The following were also deleted for the same reason:
“The Parties realize the need for a comprehensive accord on human rights and international humanitarian law based on realities involving violations of human rights and the principles of international humanitarian law… (Part I – Declaration of Principles, Art 3)
“The Parties are aware that the prolonged armed conflict in the Philippines necessitates the application of the principles of human rights and the principles of international humanitarian law and the faithful compliance herewith by both Parties.” Part I, Art 6)
“The Parties recognize the applicability of human rights and principles of international humanitarian law and the continuing force of obligations arising from these principles independently of the outcome of the GRP-NDFP negotiations.” (Part VII – Final Provisions, Art 3)

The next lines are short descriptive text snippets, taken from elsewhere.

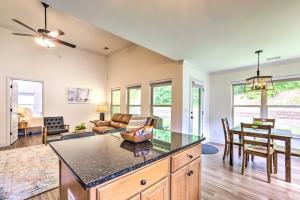 a kitchen and living room with a couch and a table at Family Friendly Calera Getaway with Game Room! in Calera
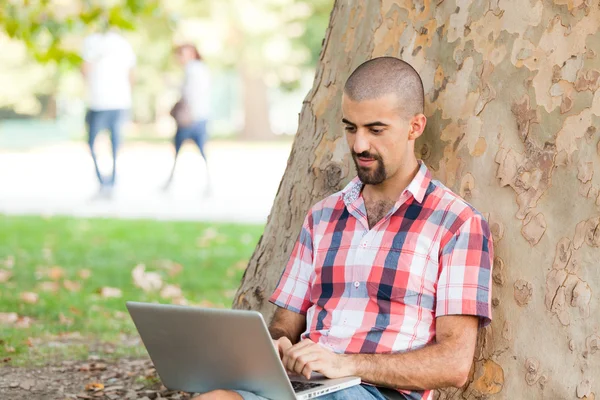 Νεαρός άνδρας με υπολογιστή στο πάρκο — Φωτογραφία Αρχείου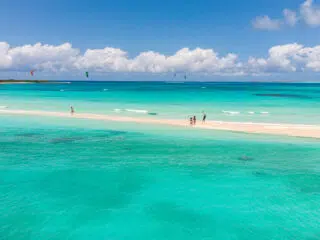 Lotniczy widok na kite spot: turkusowe morze, piaszczysta łacha i kitesurferzy na wakacjach z kitesurfingiem KiteAway.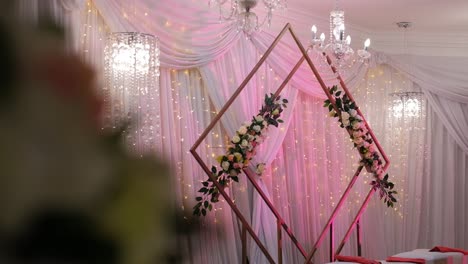 Flowers-Hanging-From-An-Arch-During-Wedding-Ceremony---Wide-Shot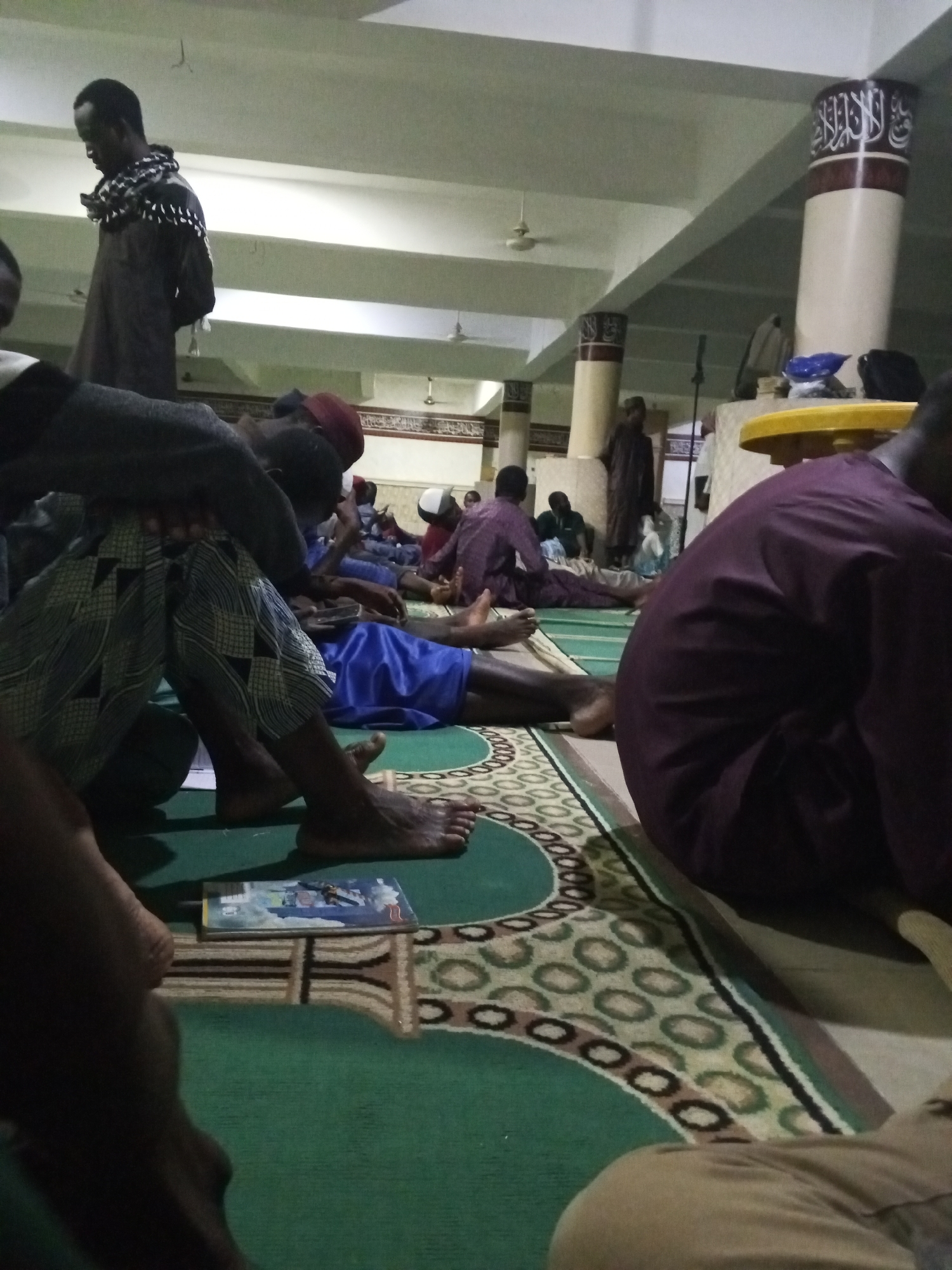 The scene appears to be inside a mosque in an unknown city in Nigeria. Several men are present, some sitting or reclining on the carpeted floor. The carpet is green with patterned borders. One man is standing, wearing a dark robe and a patterned scarf. There are pillars with Arabic script decorations. A book is lying on the carpet near a man's bare feet. A yellow table is visible in the background, and other individuals are dispersed throughout the space. The overall lighting appears somewhat dim.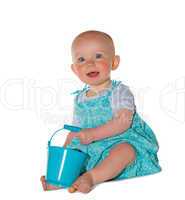 Adorable baby playing with a bucket
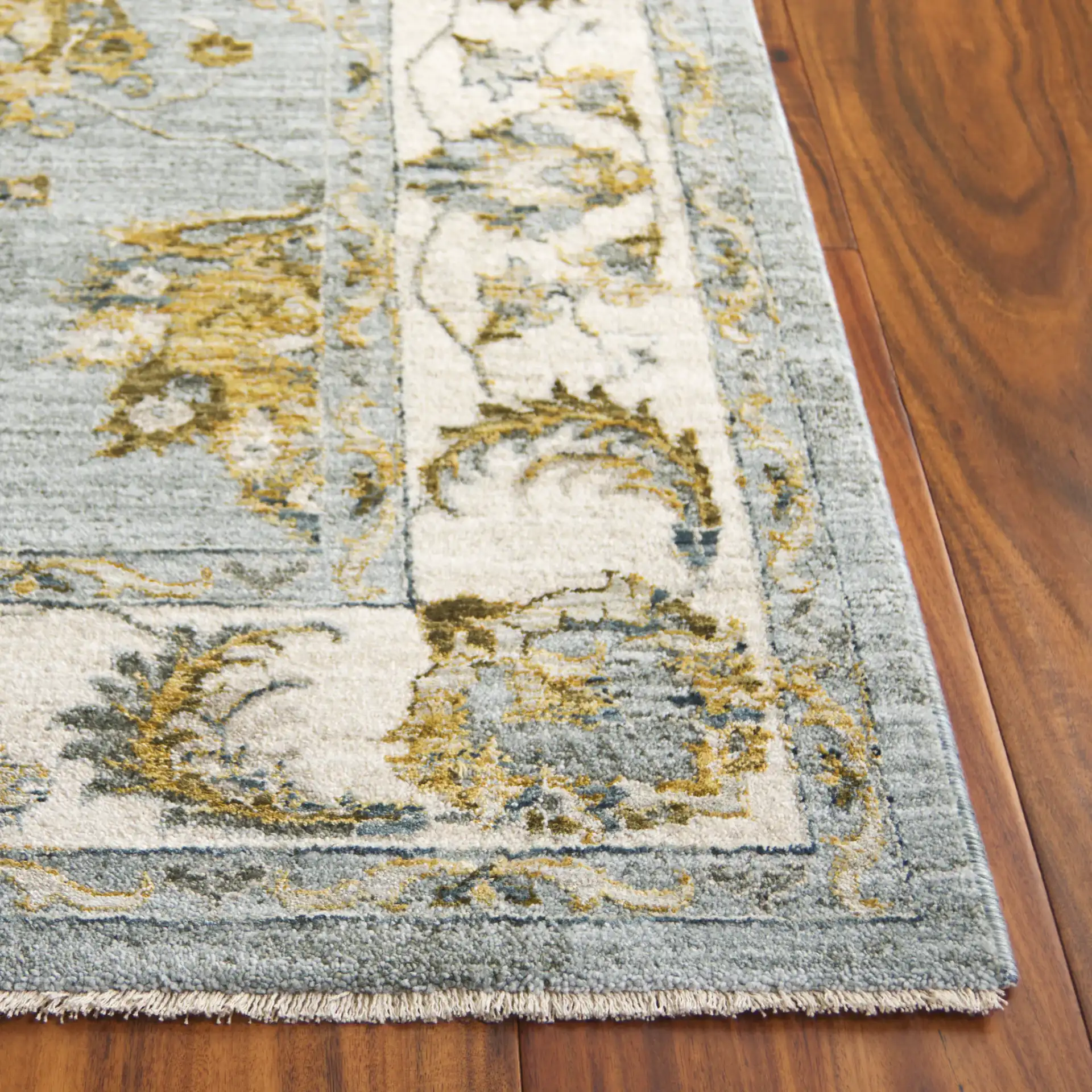 Hamilton Bordered Floral Rug in Blue / Gold in a styled room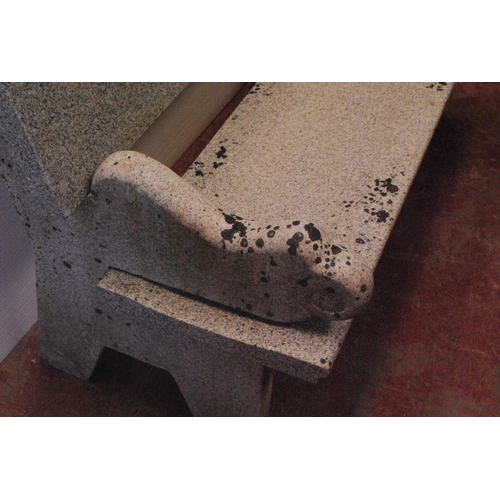 420 - Granite bench with detachable back rest, seat and scroll ends, approximately 86cm high, 131cm wide a... 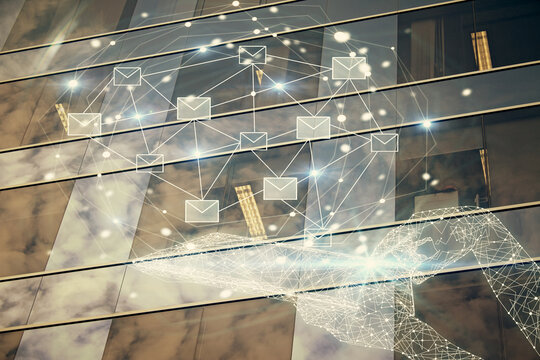 Double exposure of envelop hologram flying from gadget and city view background. Concept e-mail.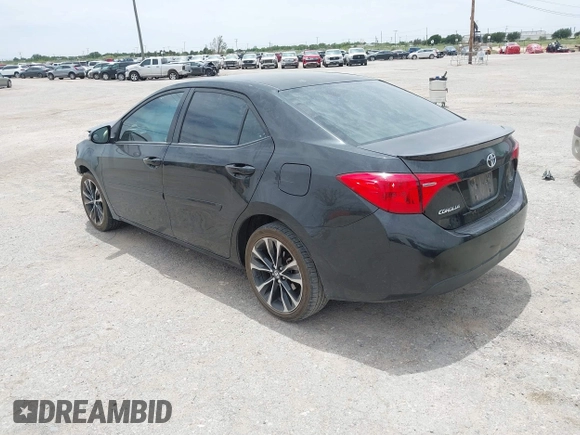2017 Toyota Corolla L with VIN 2T1BURHE4HC843864, listed as a IAAI auction lot 42274808 with 106,371 mi miles and . Bid and sale history available at DreamBid. Image 3.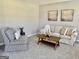 Cozy living room featuring a comfortable sofa, patterned armchair, and stylish decor, creating a relaxing ambiance at 355 Woodbyne Dr, Fayetteville, GA 30214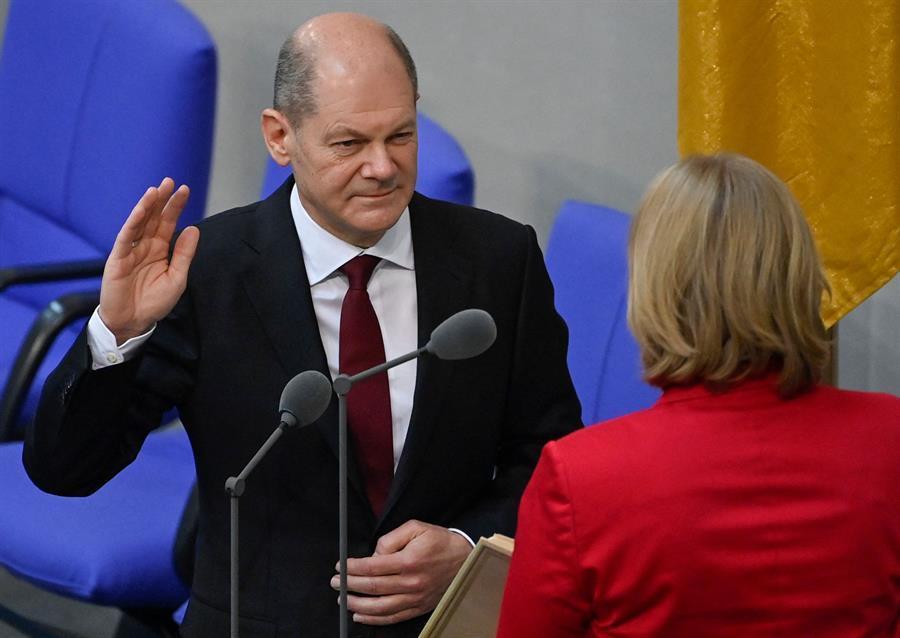 Scholz succeeds Merkel as German chancellor, opening new era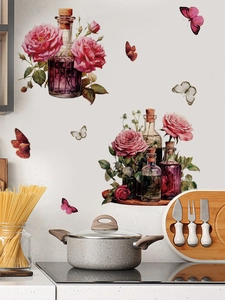 Detail of vintage pink rose wall decals with butterfly motifs in a home kitchen setting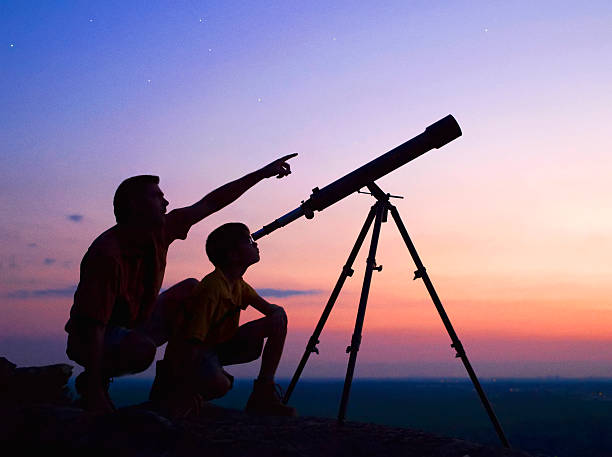 Telescope A young boy looking thru a telescope at sunset with his father. telescopic equipment stock pictures, royalty-free photos & images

Furthermore, the entire Part IV: Respect for International Humanitarian Law was deleted and replaced with a watered-down two-article section of abstract statements of international humanitarian law. All fifteen articles in the common draft delineating the concrete measures for upholding and protecting the human rights of civilian population in the context of the armed conflict were deleted in an apparent attempt to erase all reference to the NDFP’s adherence to international law, and to deny the reality of a civil war in the Philippines. It is a classic, if gross, illustration of the GRP throwing away the baby with the bathwater.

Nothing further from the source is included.